::: PROVIDED MATERIAL

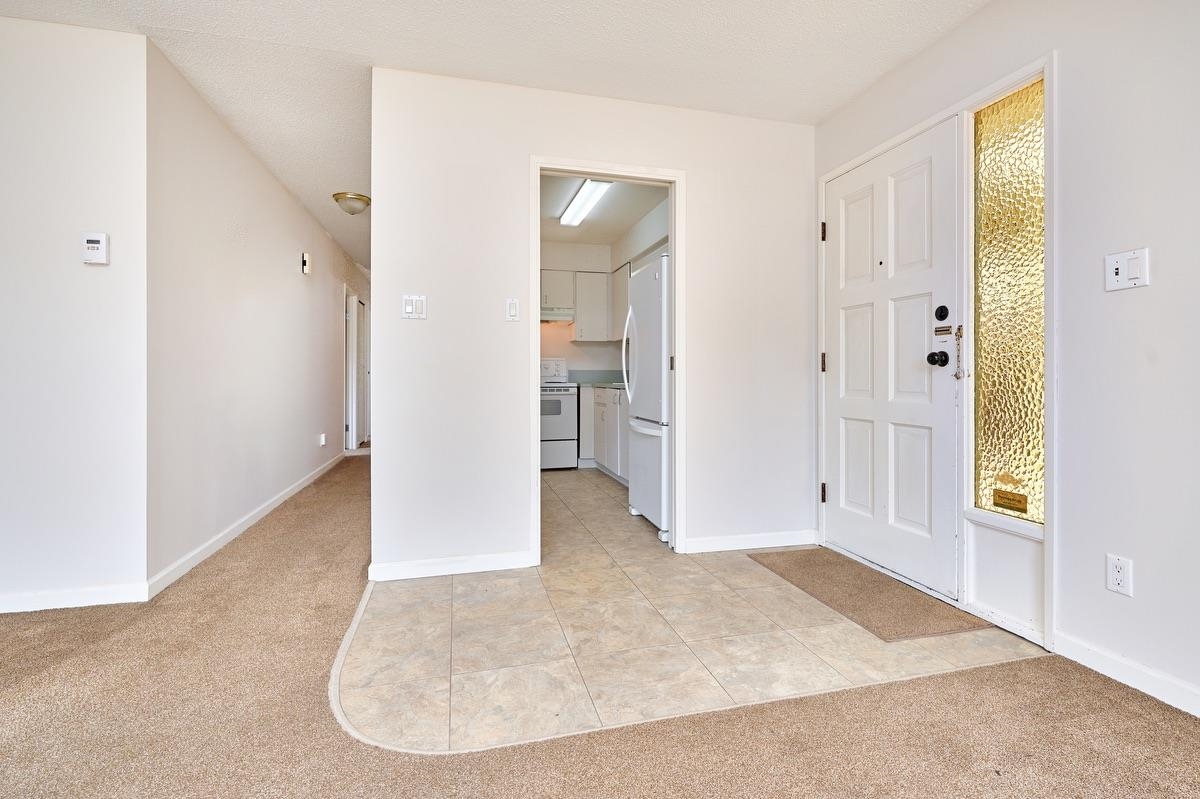Kitchen Photo of 11371 Frigate Court, Richmond, BC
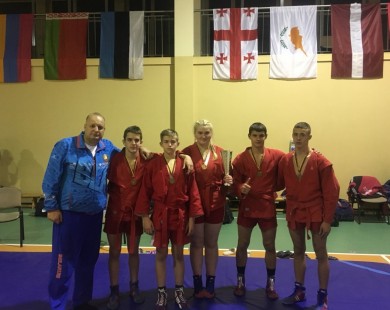 Пять медалей завоевали бобруйские самбисты на Международном турнире в  Вильнюсе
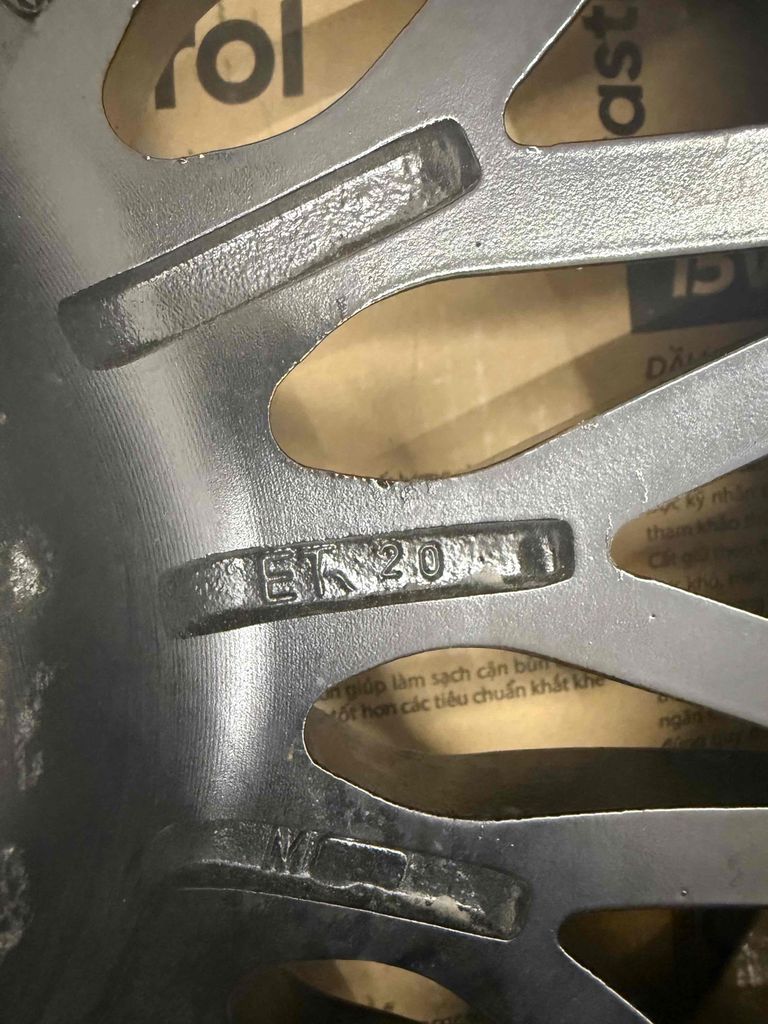 thanh lý mâm ô tô lỗ 4 x 100 R17. Mua bán Phụ tùng xe tại Quận Sơn Trà Đà Nẵng được đăng bởi Vinh hình 3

::::::

WHAT IS REQUIRED ▸
Set the pictures aside and transcribe the data above exactly.

EXPECTED ANSWER ▸
Kitchen Photo of 11371 Frigate Court, Richmond, BC
 Пять медалей завоевали бобруйские самбисты на Международном турнире в  Вильнюсе
 thanh lý mâm ô tô lỗ 4 x 100 R17. Mua bán Phụ tùng xe tại Quận Sơn Trà Đà Nẵng được đăng bởi Vinh hình 3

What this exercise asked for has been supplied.